Lerche.jl icon indicating copy to clipboard operation
Lerche.jl copied to clipboard

union of parsers

Open guyvdbroeck opened this issue 3 years ago • 8 comments

Feature request: I have several Lerche parsers that read various file formats and output an object through a transformer for each parser. Now I'd like to have another parser that is the union of those parser, that just unions the grammars and essentially figures out from the file+grammar which format is given, and then runs the corresponding transformer to get the right parsed object.

guyvdbroeck avatar Sep 13 '21 02:09 guyvdbroeck

Sounds like a useful idea.

What do you think of the following notional interface:

u = LercheCombine((grammar1,grammar2,grammar3),(transformer1,transformer2,transformer3))
result = Lerche.parse(u,"my_random_file")

In terms of implementation it would be trying each grammar in order until it found one that didn't cause a parse error. It would only take a few lines of code to create the LercheCombine type and then a LercheCombine-specific dispatch for Lerche.parse that simply did a Lerche.parse for each of the grammars in the LercheCombine object inside a try/catch block. Feel free @guyvdbroeck to submit a pull request on those lines if you wish, as I might not get to this for a while.
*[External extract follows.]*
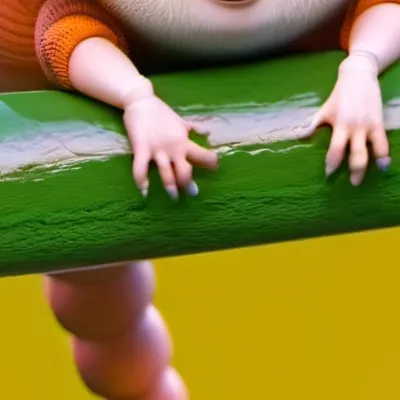 chat with ai character: baby boo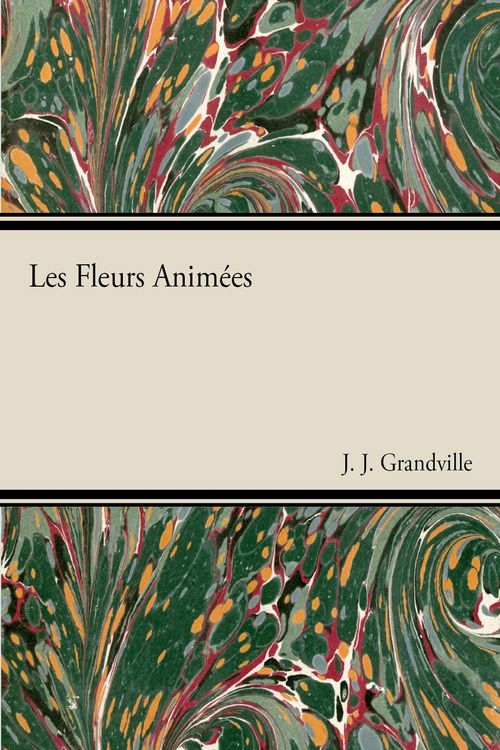 Produktbild: Les Fleurs anim&Atilde;&copy;es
Note I'm using Lerche as the prefix in LercheCombine to avoid polluting the Lark namespace in case something similar is added to Lark.
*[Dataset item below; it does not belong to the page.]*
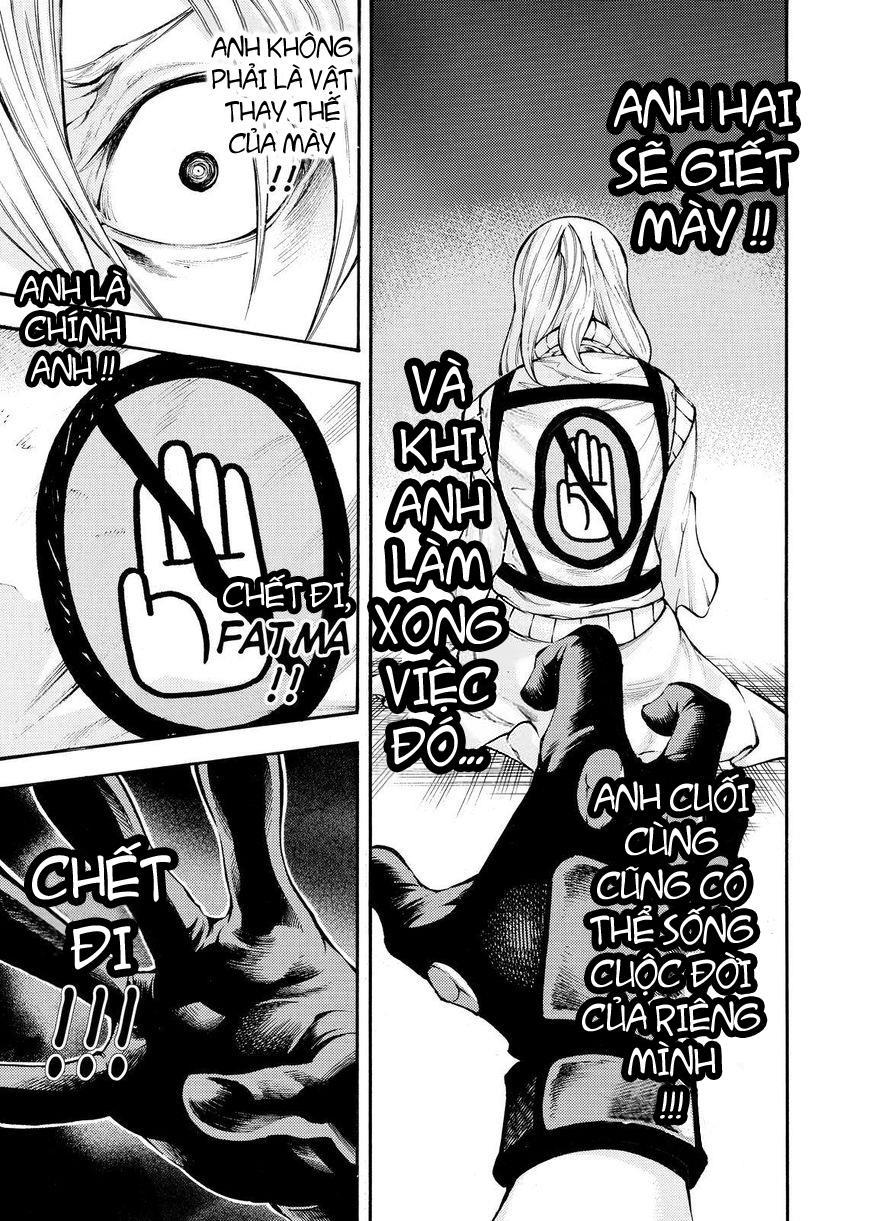 Kamisama No Iutoori Ii Chapter 144 - Trang 2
jamesrhester avatar Sep 13 '21 05:09 jamesrhester

I'd just like to point out that this is possible in Lark-Python using the %import statement.

It won't compile for every combination of grammars, but if it does, it will work as a single parser, which means better performance than trying them one at a time, and with better chances of successful parsing.

Here is an example showing how: https://github.com/lark-parser/lark/tree/master/examples/composition

erezsh avatar Sep 13 '21 07:09 erezsh

In which case there is a very good chance it will work like this in Lerche also. I'm assuming it will only fail if more than one grammar matches start and it can't be disambiguated. Is this sufficient for you @guyvdbroeck?

TODO: create a similar example for Lerche.

jamesrhester avatar Sep 13 '21 08:09 jamesrhester

It should be possible in Lerche.

Ambiguity is indeed the main worry here, but similar rule names are easy to solve: https://github.com/lark-parser/lark/blob/master/examples/composition/storage.lark

erezsh avatar Sep 13 '21 08:09 erezsh

Thanks all. I would also like to avoid having to copy the entire transformer and its methods (and avoid more precompilation overhead), which I suppose is a problem specific to Lerche, not Lark?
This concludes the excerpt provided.